Por Wagner Ferreira 0 comentrio          

O ritual da queima de fogos durante a passagem de ano novo é garantia de beleza aos olhos em toda parte do mundo. Isso mesmo, aos olhos. Já para os ouvidos, nem todos se sentem confortáveis; com a palavra idosos, pacientes de hospitais, mulheres grávidas, crianças, pessoas com autismo e animais. 

A depender da quantidade de explosivos utilizados, o show pirotécnico pode durar 7, 10, 15 minutos de luzes e barulho. Mas por que não somente luzes e menos barulho? Uma vez que, segundo especialistas, é impossível silenciar completamente os rojões. 

Nesse Réveillon 2019, grandes capitais aderiram aos fogos com menos estampido que o usual: São Paulo, Rio de Janeiro, Porto Alegre e Florianópolis, foram algumas a utilizar a novidade, mas muitas outras ignoraram a nova tendência, a exemplo de Salvador. A capital baiana não acenou cuidado às minorias atingidas pelos estrondos. E não seria pela falta de projetos.
Em 2013, preocupada em amenizar os impactos diretos e indiretos causados pelos fogos de artifício, a vereadora Ana Rita Tavares (PMB) apresentou, na Câmara de Salvador, o Projeto de Lei nº 414/13, que visa proibir, ao menos, os fogos de alto impacto sonoro, sendo permitido apenas artefatos que privilegiam apenas os efeitos visuais. Ana Rita tomou como base o levantamento do Ministério da Saúde, realizado entre 2007 e 2010, que evidenciou mais de mil pessoas internadas, vítimas do uso desses materiais, sendo boa parte desses números registrados na Bahia.

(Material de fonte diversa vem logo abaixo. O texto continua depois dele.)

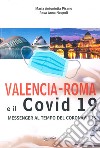 Valencia-Roma e il covid 19. Messenger al tempo del Coronavirus libro di Nespoli Rosa Anna Pisano Maria Antonietta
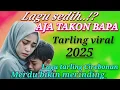 Download Lagu AJA TAKON BAPA LAGU SEDIH TARLING VIRAL 2025 || LAGU TARLING CIREBONAN MERDU BIKIN MERINDING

Além de causarem poluição, os explosivos produzem ruídos que ultrapassam os 125 decibéis, valor maior que o dobro do recomendado pela Organização Mundial de Saúde (OMS) e que causa danos a audição humana. “Se para nós humanos tanto barulho já nos traz todos esses prejuízos, imagine aos ouvidos dos animais, seres conhecidamente mais sensíveis ao som. Isso os perturba de tal forma que muitos fogem desesperados de suas casas, se perdendo de seus guardiões, atravessando vias, sendo vitimados e causando acidentes, muitas vezes fatais a eles e condutores de veículos”, completa a parlamentar.

A cadeia de impactos negativo do uso dos fogos não encerra somente com o grande barulho, mas também na sua fabricação, em muitos casos, clandestina. A prática provoca acidentes constantes com as pessoas que produzem os explosivos, por exemplo. Além disso, há a incidência de trabalho escravo e exploração de mão de obra barata, seja de adultos, crianças e/ou adolescentes, algo que não é difícil de encontrar em regiões pobres do Brasil.